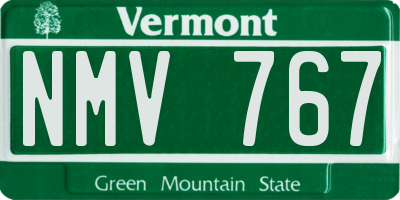 VT license plate NMV767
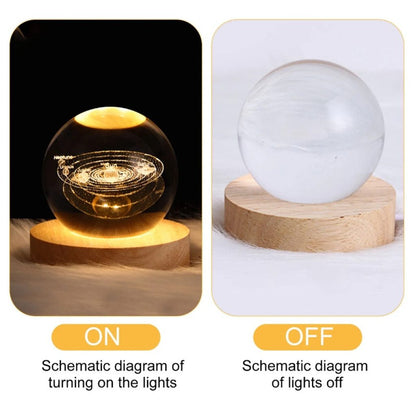 3D Crystal Lamp Ball (Assorted Design)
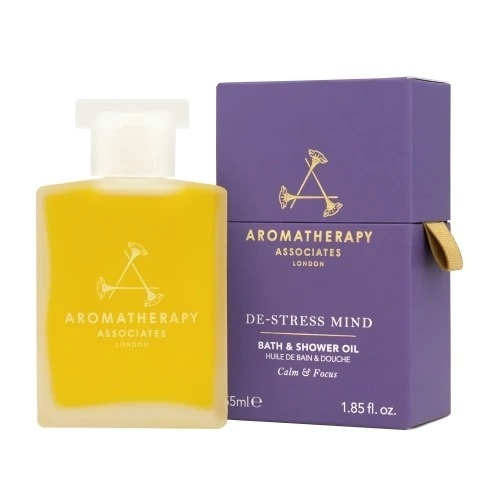 Aromatherapy Associates De-Stress Mind Bath and Shower Oil Odstresowujący olejek do kąpieli i pod prysznic 55 ml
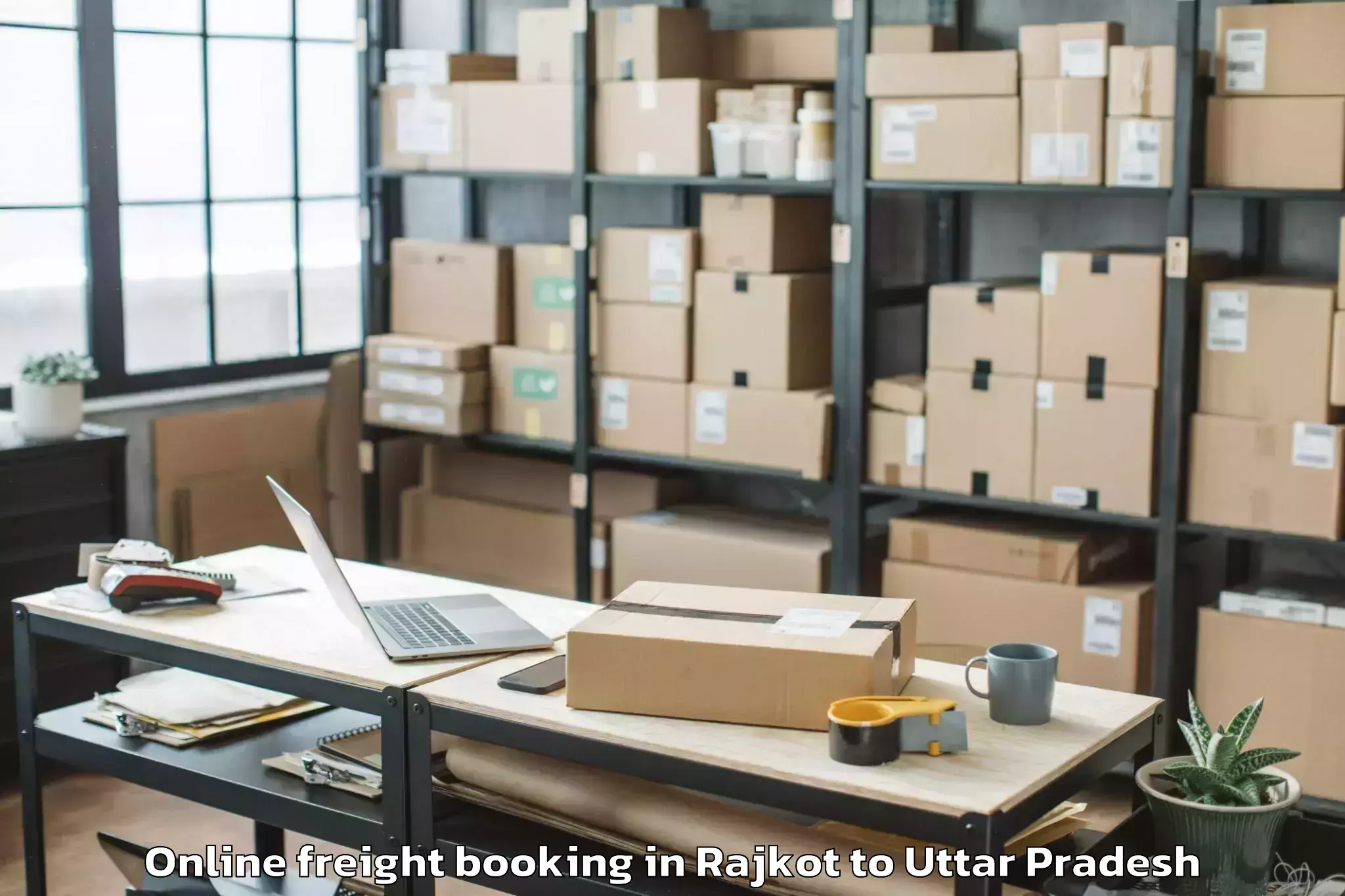 Top Rajkot to Seohara Online Freight Booking Available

* [Required work]:
Pictures in the listing above must be skipped; everything else should be copied exactly.

* [Task response]:
 VT license plate NMV767
 3D Crystal Lamp Ball (Assorted Design)
 Aromatherapy Associates De-Stress Mind Bath and Shower Oil Odstresowujący olejek do kąpieli i pod prysznic 55 ml
 Top Rajkot to Seohara Online Freight Booking Available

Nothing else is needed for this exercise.